Watch Gary Lane's Where in the World interview with VOM Radio host Todd Nettleton to hear what Chinese Christians would like us to pray for them.
This summer, Christians in China are experiencing an escalating wave of persecution unseen since Mao's Cultural Revolution.
"We're seeing more persecution or a higher level of persecution," said The Voice of the Martyrs Radio host Todd Nettleton.
Nettleton said two recent developments this year that have contributed to the government's church crackdown.
"In February new regulations on religious affairs took effect all across China and so we are seeing those regulations now being put into effect and enforced. We're seeing how that is being translated from the national government down to the provincial level and then to the local level and how that is effecting churches," he explained.

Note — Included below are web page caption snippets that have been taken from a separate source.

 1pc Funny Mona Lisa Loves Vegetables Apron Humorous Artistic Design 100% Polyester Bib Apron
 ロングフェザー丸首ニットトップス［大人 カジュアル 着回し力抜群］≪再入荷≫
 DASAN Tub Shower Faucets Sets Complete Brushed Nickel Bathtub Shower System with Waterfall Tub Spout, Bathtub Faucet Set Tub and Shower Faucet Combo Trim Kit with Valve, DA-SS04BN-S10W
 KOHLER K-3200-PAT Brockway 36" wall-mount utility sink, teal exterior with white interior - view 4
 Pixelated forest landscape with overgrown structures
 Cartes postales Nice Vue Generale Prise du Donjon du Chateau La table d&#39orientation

Another significant development occurred in March when the Communist Party changed the law allowing the Xi Jinping to serve for an unlimited time in office.

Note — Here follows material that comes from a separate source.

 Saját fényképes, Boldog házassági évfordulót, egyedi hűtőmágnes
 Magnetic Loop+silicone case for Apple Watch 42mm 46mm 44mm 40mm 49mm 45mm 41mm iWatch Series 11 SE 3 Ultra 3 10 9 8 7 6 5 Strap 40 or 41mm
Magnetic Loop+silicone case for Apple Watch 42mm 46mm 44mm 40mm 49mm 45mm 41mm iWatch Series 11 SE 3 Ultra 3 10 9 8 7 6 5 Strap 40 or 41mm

"He can essentially serve as president for as long as he wants," said Nettleton. "One emphasis going back to his days as a provincial leader was on controlling religious expression and controlling the church. So, we're seeing what he put into effect as a provincial leader. Now that he is president of the entire country, that same emphasis is spreading from the national government level down to every part of China."
In recent months, Xi has instituted a brutal crackdown. Officials have demolished or closed churches, bibles have been burned, pastors arrested, and crosses are still being removed from atop church buildings.
Chinese Christians report authorities have urged church leaders to remove pictures of Jesus from their sanctuaries and replace them with patriotic posters, or posters of President Xi instead. They've suggested hymns be replaced with patriotic songs about the "wonderfulness of the Chinese Communist Party."
Nettleton also said Chinese authorities are using advanced artificial intelligence software to monitor church attendees.
"One pastor in Beijing not long ago was told by the government, 'pastor we don't mind if you continue holding your services, we just want to put this camera on your platform looking out at the audience and it's attached to facial recognition software so that we can tell who comes to church on Sunday and who's there and what they are doing and how involved they are,'" he said.
Earlier this month after the pastor refused to comply, Public Security Bureau (PSB) officers interrupted the church service and shut the doors to the church building.